コード | ETF名 | 出来高* | 乖離率* | 信託報酬 (税抜) |
1475 | iS コアTOPIX | 185,976 | -0.03% | 0.060% |
2524 | 農中 TOPIX | – | 0.15% | 0.075% |
1348 | MAXIS トピックス | 68,950 | -0.03% | 0.078% |
1473 | One トピックス | 210 | -0.13% | 0.078% |
1308 | 日興 上場TOPIX | 107,300 | 0.02% | 0.088% |
1305 | 大和 上場トピックス | 52,410 | -0.12% | 0.110% |
1306 | 野村 TOPIX上場 | 2,280,390 | 0.03% | 0.110% |
ETFのコストはアクティブファンドの10分の一
野村證券の1306は大和証券の1305と並んで信託報酬が最も高くなっています。ETFはインデックスファンドの範疇に入りますから信託報酬はアクティブファンドに比べて10分の1以下です。例えばアクティブファンドで人気のあるレオス・キャピタルワークスのひふみプラスの信託報酬率は1.08%(税込み)ですから、一桁違います。
出来高は野村
出来高は、野村の1306がダントツに多いです。私が取引時間中に売却すると、瞬時に取引が成立します。出来高が多ければ、流動性、換金性が高いので、急いで数千万円を売却したい時などは有利です。
1557(SPY)の売買代金
具体的に例を挙げて考えます。東証に上場している1557というSPY(アメリカSPDRのS&P500のETF)という世界最大の銘柄があります。アメリカでは最大の銘柄ですが、東京にも上場されていて取引があります。しかし、日本での取引量はとても小さいのです。昨日の売買代金は89百万円でした。そこで数千万円も売ろうとすれば、買いたたかれるか、あるいは一日待っていても取引が成立しないかも知れません。また将来、場合によっては償還(銘柄廃止)になるかもしれません。従って、出来高、あるいは、そのもとになる純資産総額というのは大事な検討要素です。私は原則として、純資産総額1兆円以下のファンドは買わないことにしています。

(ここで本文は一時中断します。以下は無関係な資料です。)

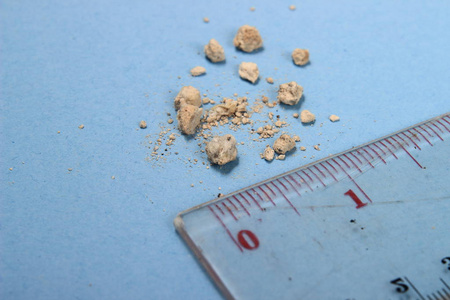 佛山碎石,佛山泌尿碎石,佛山碎石医院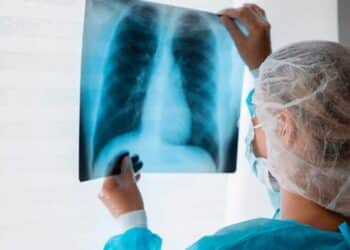 tuberculosis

証券コード1475のiシェアーズ・コア TOPIX ETF
信託報酬が最も低い1475のiシェアーズ・コア TOPIX ETFは、ブラックロック社の銘柄です。同社はアメリカ最大のファンドの会社です。また、同銘柄の純資産総額は、現在3200億円を超えていて、将来的には1兆円を超えるでしょうから有望な銘柄だと思います。1475については、別の機会に詳しく検討したいと思います。